▸ **Data extract**

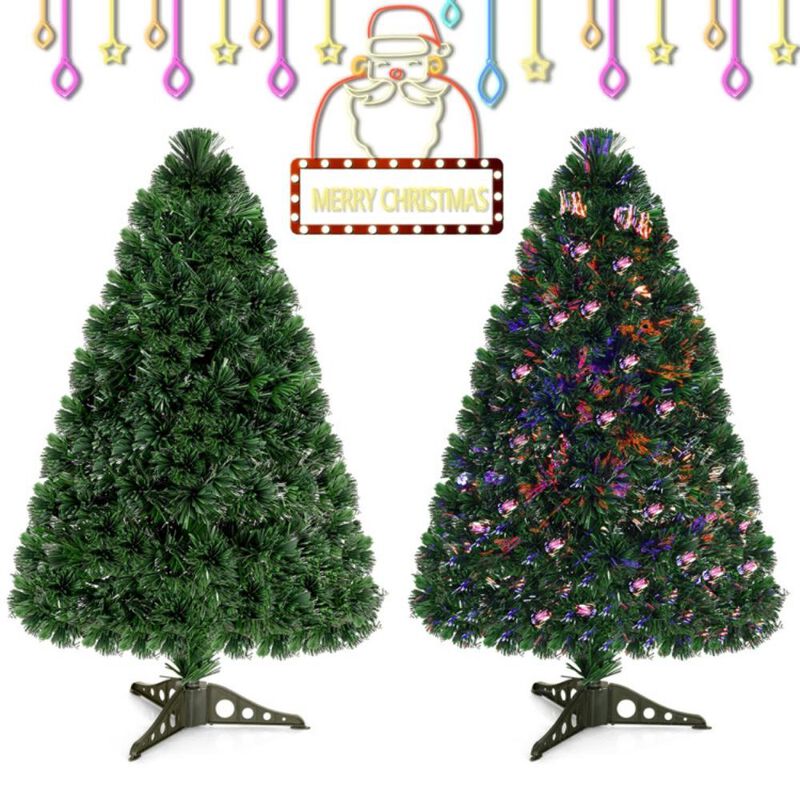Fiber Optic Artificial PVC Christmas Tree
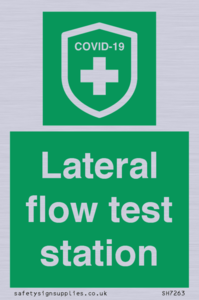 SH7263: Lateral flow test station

--

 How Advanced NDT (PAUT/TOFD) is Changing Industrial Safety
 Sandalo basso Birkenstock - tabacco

▸ **Goal of the exercise**
Print again the lines of the entries above that fall between the line holding "How Advanced NDT" and the line holding "Sandalo basso Birkenstock - tabacco", inclusive, exactly as they stand.

▸ **Task response**
 How Advanced NDT (PAUT/TOFD) is Changing Industrial Safety
 Sandalo basso Birkenstock - tabacco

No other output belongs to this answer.